Mais ce que font certains moines bouddhistes tibétains juste avant de mourir bouscule nos certitudes – même du côté de la science.
Des gestes précis. Un état de conscience unique.
Et parfois, des phénomènes que ni la médecine ni la physique n’arrivent totalement à expliquer.
Alors, que se passe-t-il vraiment dans les dernières heures de certains maîtres bouddhistes ?
Le phénomène du “tukdam” : une mort… pas tout à fait terminée
Dans certaines traditions du bouddhisme tibétain, des maîtres expérimentés peuvent entrer volontairement dans un état appelé “tukdam” au moment de leur mort.
Concrètement ?
Le cœur cesse de battre.
Le cerveau ne montre plus d’activité mesurable.
Et pourtant, le corps ne présente aucun signe de décomposition pendant plusieurs jours.
Les moines affirment que la conscience n’a pas encore quitté le corps.
Un état de méditation profonde – post-mortem – dans lequel l’esprit reste détaché, mais encore présent.
Des cas étudiés par des équipes médicales
Depuis quelques années, des scientifiques, notamment de l’Université du Wisconsin, étudient ces cas de près.
Encadrés par des chercheurs et soutenus par le Dalaï-Lama, plusieurs moines ont accepté de soumettre les corps de maîtres décédés à des observations cliniques.
Résultat :
Chez certains sujets, aucun signe de rigidité cadavérique ni d’odeur corporelle ne se manifeste pendant plusieurs jours.

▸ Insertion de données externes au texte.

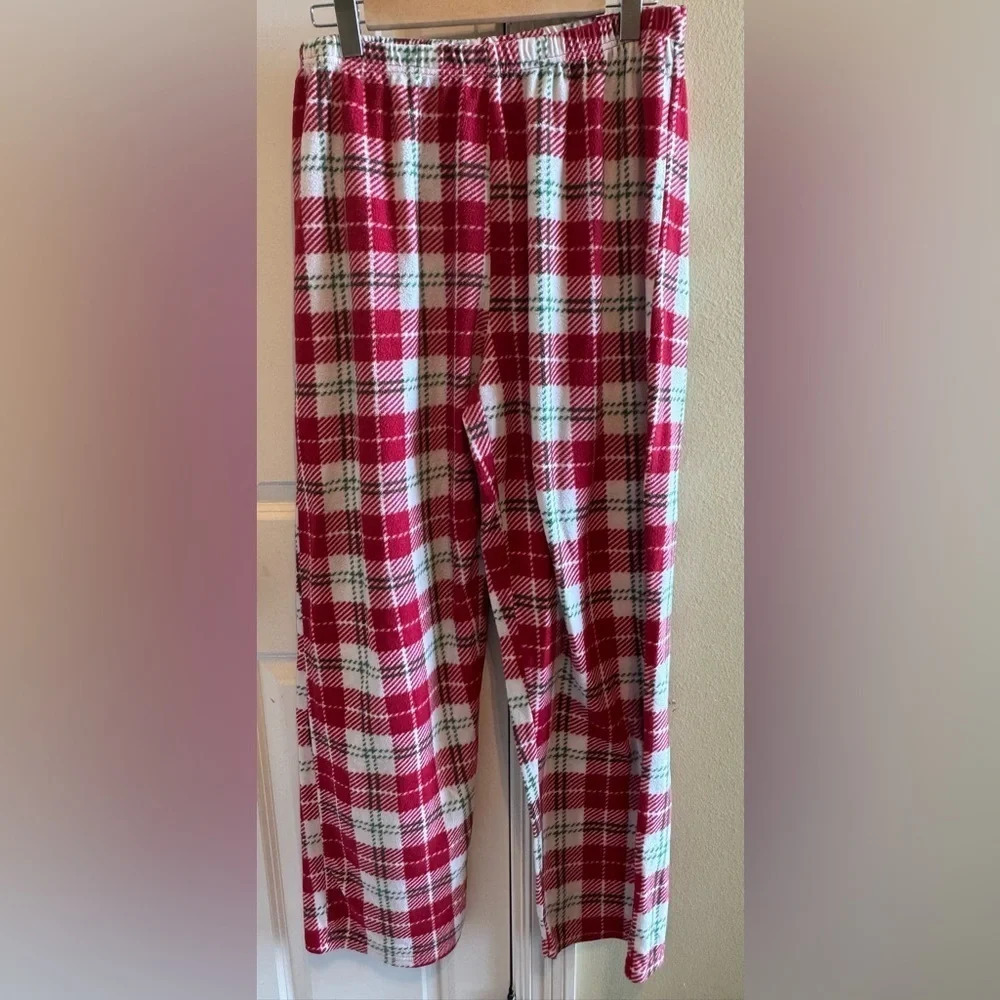 ED Ellen Degeneres Green Red White Christmas Plaid Pajama Pants Women’s Sz XL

Le visage reste apaisé, le corps souple, comme en sommeil.
Aucune explication rationnelle n’a encore été confirmée.
Les scanners cérébraux ne détectent plus d’activité… mais le phénomène est là, visible.
“C’est une frontière fascinante entre la biologie, la conscience et la spiritualité”, explique un chercheur impliqué dans le programme.
Un entraînement de toute une vie… pour le dernier instant
Dans le bouddhisme tibétain, la mort n’est pas un point final.
C’est un passage conscient, que l’on prépare dès les premières années de pratique.
La méditation sur l’impermanence, la dissolution progressive de l’égo, et le détachement complet du corps font partie intégrante de l’entraînement spirituel.
Certains moines expliquent que le “tukdam” est le moment ultime d’éveil, où l’esprit traverse l’état intermédiaire (bardo) en pleine lucidité.
Mais ce phénomène reste rare, et réservé aux pratiquants très avancés.
La plupart des moines ne vivent pas cet état, même après une vie de discipline.